Modellierung der Wechselwirkung von Nahrungsinhaltsstoffen mit Proteinen

Biomarker in der Ernährungswissenschaft

Die Modellierung von molekularen Wechselwirkungen (Molecular Modeling) hat sich in den letzten Jahrzehnten als Standardmethode bei der Entwicklung von Wirkstoffen etabliert. Am Institut für Ernährungswissenschaft der Universität Potsdam werden in einem interdisziplinären Forschungsschwerpunkt Molecular-Modeling-Methoden angewandt für die Bewertung des Verhaltens von ernährungsrelevanten Verbindungen auf molekularer Ebene. Die Charakterisierung solcher Interaktionen zusammen mit funktionellen Daten aus etablierten biochemischen und physiologischen Testverfahren tragen wesentlich zu einem besseren Verständnis der Bedeutung einzelner ­Inhaltsstoffe der Nahrung für die Prävention ernährungsabhängiger Krankheiten, wie Herz-Kreislauf-Erkrankungen, Krebs, Diabetes mellitus sowie neurodegenerativer Erkrankungen bei.

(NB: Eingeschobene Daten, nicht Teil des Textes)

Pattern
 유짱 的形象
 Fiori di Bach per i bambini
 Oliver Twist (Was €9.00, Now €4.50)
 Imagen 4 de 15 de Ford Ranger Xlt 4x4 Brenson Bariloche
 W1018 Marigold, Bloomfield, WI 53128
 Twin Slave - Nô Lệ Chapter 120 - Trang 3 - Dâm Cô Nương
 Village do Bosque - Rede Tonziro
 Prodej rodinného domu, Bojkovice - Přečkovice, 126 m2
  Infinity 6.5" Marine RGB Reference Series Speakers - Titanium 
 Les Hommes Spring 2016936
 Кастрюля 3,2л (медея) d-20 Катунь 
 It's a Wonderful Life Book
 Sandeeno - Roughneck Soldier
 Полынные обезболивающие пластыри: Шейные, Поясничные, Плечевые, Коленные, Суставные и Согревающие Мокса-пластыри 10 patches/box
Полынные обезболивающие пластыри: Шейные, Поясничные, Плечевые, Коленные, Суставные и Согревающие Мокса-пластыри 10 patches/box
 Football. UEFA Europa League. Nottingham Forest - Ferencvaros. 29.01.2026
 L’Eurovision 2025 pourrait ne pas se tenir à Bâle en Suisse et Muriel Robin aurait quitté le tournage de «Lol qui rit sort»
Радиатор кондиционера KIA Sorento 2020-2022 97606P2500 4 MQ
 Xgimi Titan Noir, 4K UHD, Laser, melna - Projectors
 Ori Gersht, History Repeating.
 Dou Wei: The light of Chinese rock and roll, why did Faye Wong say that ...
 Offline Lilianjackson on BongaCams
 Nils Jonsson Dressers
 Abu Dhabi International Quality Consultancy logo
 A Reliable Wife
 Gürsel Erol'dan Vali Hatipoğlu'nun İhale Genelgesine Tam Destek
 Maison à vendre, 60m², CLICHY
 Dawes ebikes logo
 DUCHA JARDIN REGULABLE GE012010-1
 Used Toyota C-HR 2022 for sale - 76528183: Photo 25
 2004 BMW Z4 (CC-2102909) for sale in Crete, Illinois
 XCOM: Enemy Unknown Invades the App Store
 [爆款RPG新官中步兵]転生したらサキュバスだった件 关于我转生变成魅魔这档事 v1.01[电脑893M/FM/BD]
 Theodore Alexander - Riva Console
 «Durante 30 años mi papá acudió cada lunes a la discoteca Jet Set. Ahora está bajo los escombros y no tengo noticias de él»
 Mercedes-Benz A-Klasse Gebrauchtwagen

Im Mittelpunkt der Forschungsstrategie steht somit auch die Bewertung von Biomarkern für die gesundheits- fördernde oder gesundheitsschädigende Wirkung von Nahrungsinhaltsstoffen. Der erste Ansatz konzentriert sich auf die Identifizierung und Charakterisierung von Proteinen mittels Standardtechnologien der Proteomforschung, die ein sogenanntes Proteinprofiling oder -mapping erlauben. Der zweite Ansatz bewertet die Veränderungen der Proteinstruktur und damit gegebenenfalls die Funktion von Proteinen durch einzelne Nahrungsbestandteile, was sich unter dem Begriff „Functional Proteomics“ zusammen­fassen lässt. Durch eine Interaktion von Nahrungsbestandteilen mit einzelnen Proteinen kann es somit neben einer Veränderung der Proteinstruktur, was sich in einer Mikroheterogenität des Proteins ausdrücken kann, auch zu Veränderungen in der Wechselwirkung zwischen den Proteinen kommen.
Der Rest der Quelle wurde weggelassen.